Meaningful Ways to Honor Veterans This Weekend

Nov 10, 2017

Veterans DayFollowing World War I, Americans began recognizing Armistice Day on November 11 as the first anniversary of the signing of the Treaty of Versailles, which occurred “in the eleventh hour of the eleventh day of the eleventh month.” Armistice Day became a national holiday in 1938, but there were many in the country who believed more should be done to honor all U.S. military veterans. Thus, a movement began to expand recognition to them on this day.

Since 1954, Veterans Day has been observed on November 11 to pay tribute to all who have served in the United States Armed Forces. If you would like to do more this year to show gratitude for the sacrifices and courage of these servicemen and servicewomen that have allowed us to enjoy our many freedoms, here are a few recommendations:

Say thank you, and encourage children to say it too: Since many veterans wear their uniforms on Veterans Day, don’t overlook this opportunity to walk up to those you come across, and say, “Thank you for your service.” As our members who have served in law enforcement or the military might tell those of us who are civilians, it’s a simple phrase that can’t be said enough. This is also a good time to take children to see veterans you know, and teach them how to show respect to those who have served.

Get out to a Veterans Day event: This weekend, there are a number of events being held throughout the Bay Area dedicated to honoring those who have served in the armed forces. A few of these include the Veterans Day Service in San Rafael, the San Jose Veterans Day Parade  and the Potomac Association’s Veterans Day Cruise on San Francisco Bay featuring the Alameda Naval Station, USS Hornet, Jeremiah O’Brien and submarine Pampanito. Find one near you at http://bit.ly/7WaystoObserveVeteransDayAcrosstheBay.

Make a contribution: There are no shortages of worthy nonprofits in need of funds to help veterans and military families – from charities that build and donate specially-adapted custom homes for disabled veterans to organizations that connect veterans to essential services.  For helping in choosing one, visit http://bit.ly/WaystoGiveBacktoVeterans.

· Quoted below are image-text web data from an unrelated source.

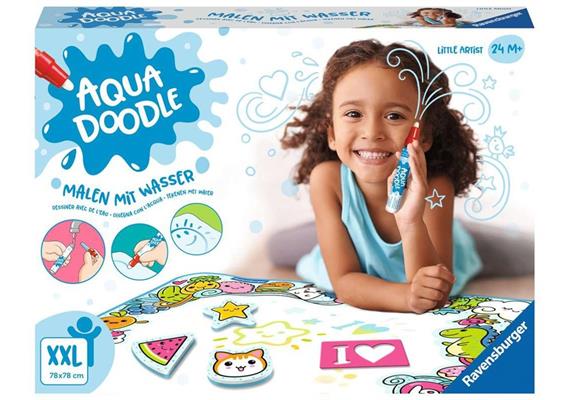 Ravensburger 04572 Aquadoodle® Little Artist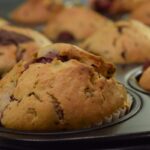 Muffin di mela e cannella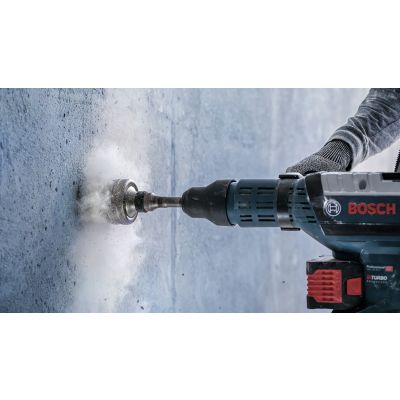 4. Koronka wiertnicza SDS-max D-68 Bosch F00Y145194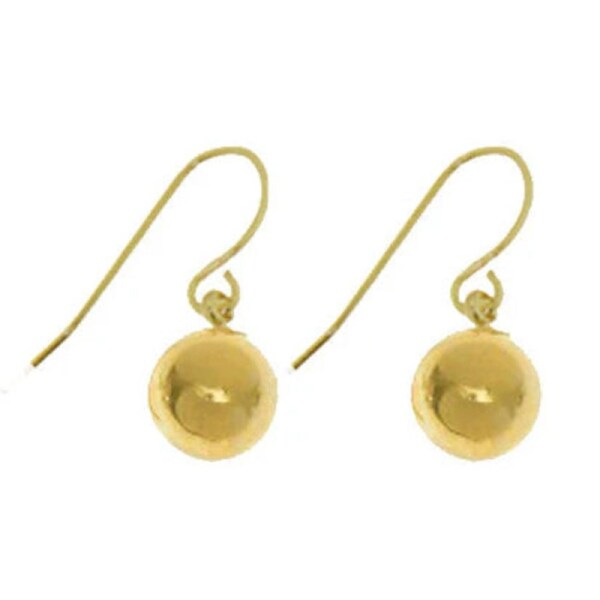 Rossan Fe4411 Hanging Ball Gold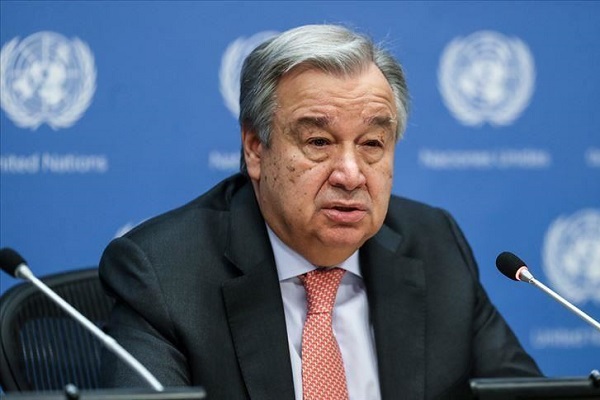 ////از صدرنشینی آمریکا تا کمکرسانی ترکیه و تونس در بحران کرونا ////از صدرنشینی آمریکا تا کمکرسانی ترکیه و تونس در بحران کرونا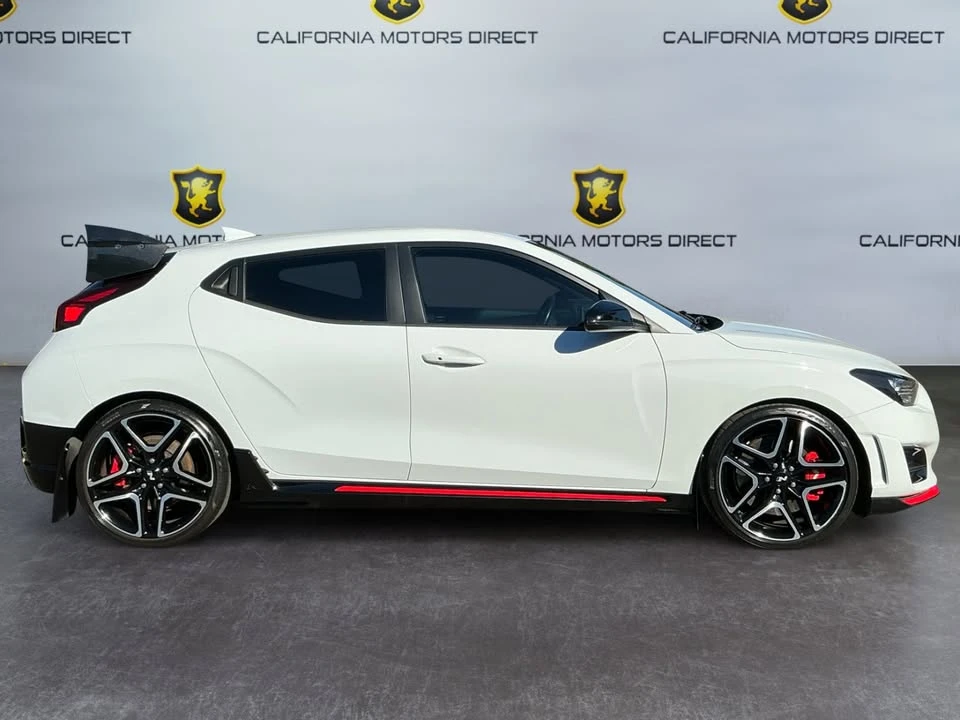 2021 Hyundai Veloster N - Image 4 of 20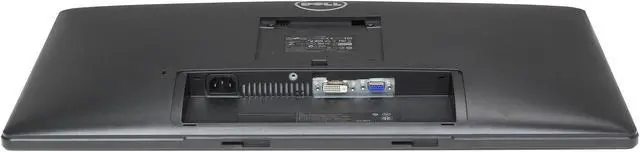 Alt view image 7 of 8 - Dell 24" 60 Hz TN HD LCD Monitor 5 ms D-Sub, DVI-D E2414H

Write to a veteran: Expressing gratitude in writing is a powerful way to communicate to veterans that their service is not forgotten. Don’t know any veterans you would like to write? Visit A Million Thanks for information on where to send a letter. If sitting down to write a hand-written letter on stationary is overwhelming, consider sending a postcard or E-card instead.

Visit a VA hospital or assisted living facility: Loneliness is a major problem among many older veterans, so spending time with one to honor their service on this day can lift their spirits and provide needed social interaction. Consider volunteering your time to activities that VA hospitals and assisted living facilities may have planned for Veterans Day, such as a special luncheon. Also keep in mind that places like these often need volunteers throughout the year.

Don’t forget to ask them about their service: While many of us have friends or family members that have been a part of the armed forces, the subject of their time in the service is probably not something that regularly comes up in conversation. This weekend is an opportune time to have a meaningful conversation with a veteran you know about this time in their lives. You might ask them to share the reason they decided to serve in the military, how they picked their branch and some of their best experiences while on active duty. By listening attentively, you are communicating your respect for what they have done to protect and defend our country.